Although now back in Brest after a steering failure off the coast of Brazil, Olivier de Kersauson’s giant trimaran has been prevented from coming alongside by gale force winds. As he waits to bring the boat safely back to her marina berth, de Kersauson says that naval architects Marc van Peteghem and Vincent Lauriot Prévost, his own project team as well as hydrodynamics engineers are working ‘flat out’ to solve the problem, aided by a video that his crew shot through an inspection hatch near the rudder stock while they were at sea.

“As soon as Geronimo can come alongside – probably before the end of this week – the rudder blade will be removed and taken to the boatyard for ultrasonic and deflection testing,” he said. “It’s not simple, because the problem occurs at moderate speeds rather than high speeds. Clearly, there is nothing very clever or safe about sailing under such conditions.

“The boat now has 20,000 miles on the clock and is fast, effective and occasionally breathtaking. Géronimo can do things far better than any boat we’ve ever come across before. Quite apart from this problem with the steering gear, which meant we could not continue in safety, I still believe that, despite all our experience on previous boats, we still have a lot to discover and learn about this one.

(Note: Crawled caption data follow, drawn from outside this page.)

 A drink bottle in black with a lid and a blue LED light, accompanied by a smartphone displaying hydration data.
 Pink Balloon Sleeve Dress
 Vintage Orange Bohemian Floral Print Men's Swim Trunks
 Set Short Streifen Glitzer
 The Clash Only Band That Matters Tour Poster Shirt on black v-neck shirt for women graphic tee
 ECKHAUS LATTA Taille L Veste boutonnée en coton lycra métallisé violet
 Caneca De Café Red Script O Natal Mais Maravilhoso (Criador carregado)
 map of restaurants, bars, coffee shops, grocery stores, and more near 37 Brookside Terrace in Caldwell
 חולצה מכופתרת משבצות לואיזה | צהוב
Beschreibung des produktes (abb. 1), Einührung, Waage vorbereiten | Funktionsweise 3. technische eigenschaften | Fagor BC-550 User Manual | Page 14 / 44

“If we are to continue consistently with our programme, we must pin down any modifications we need to make and conduct all the tests necessary to prove those modifications. Géronimo is a very advanced boat and although we are breaking new ground all the time, it is true to say that we still have things to learn in certain areas. This is a prototype and there will be technical solutions that can be applied within a reasonable period of time.”